Problem details.
Without the images, repeat every line of the listing verbatim.

Material for this exercise.
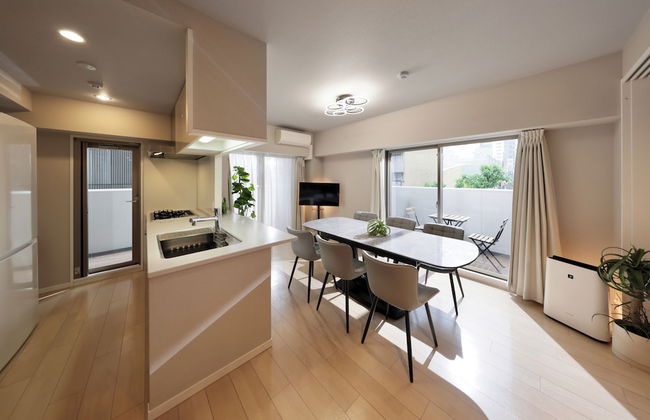 Crystalexe nippombashi - Foto 36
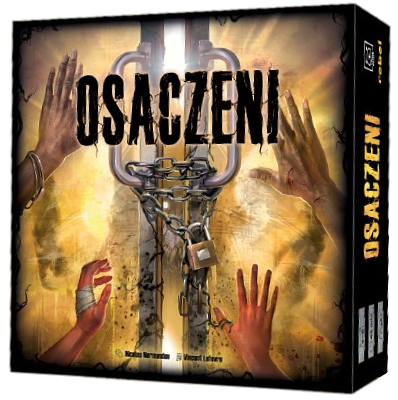 Osaczeni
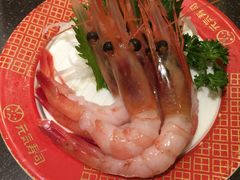 -元气寿司(东方宝泰店)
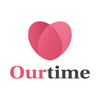 Virtual number for OurTime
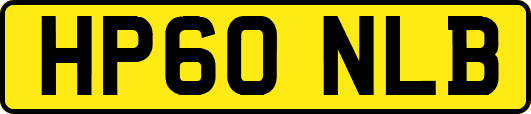HP60NLB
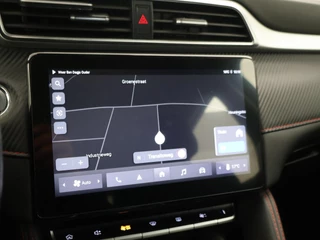 MG ZS EV – thumbnail 20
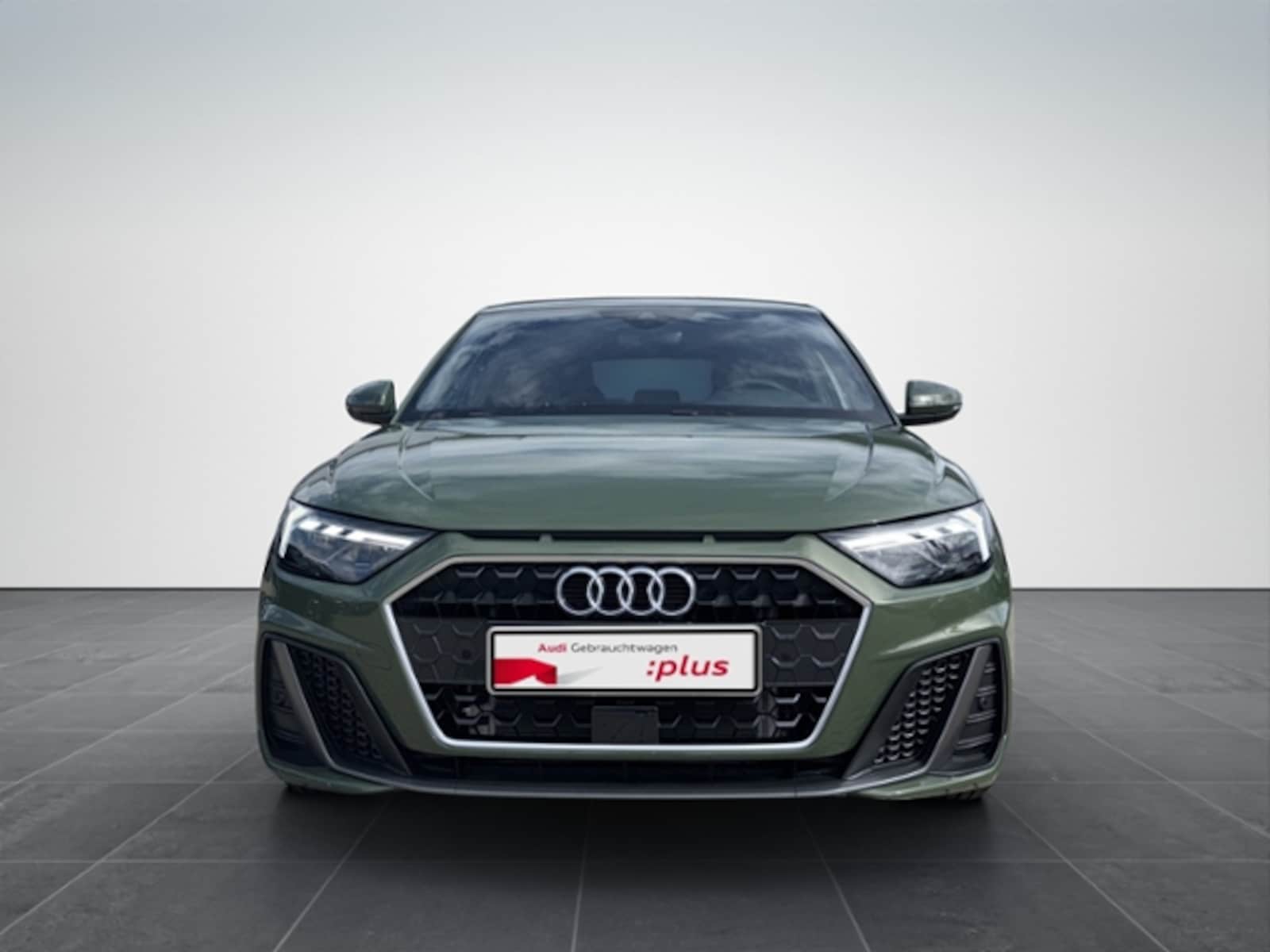 Audi A1 Sportback – Bild 3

Written answer.
 Crystalexe nippombashi - Foto 36
 Osaczeni
 -元气寿司(东方宝泰店)
 Virtual number for OurTime
HP60NLB
 MG ZS EV – thumbnail 20
 Audi A1 Sportback – Bild 3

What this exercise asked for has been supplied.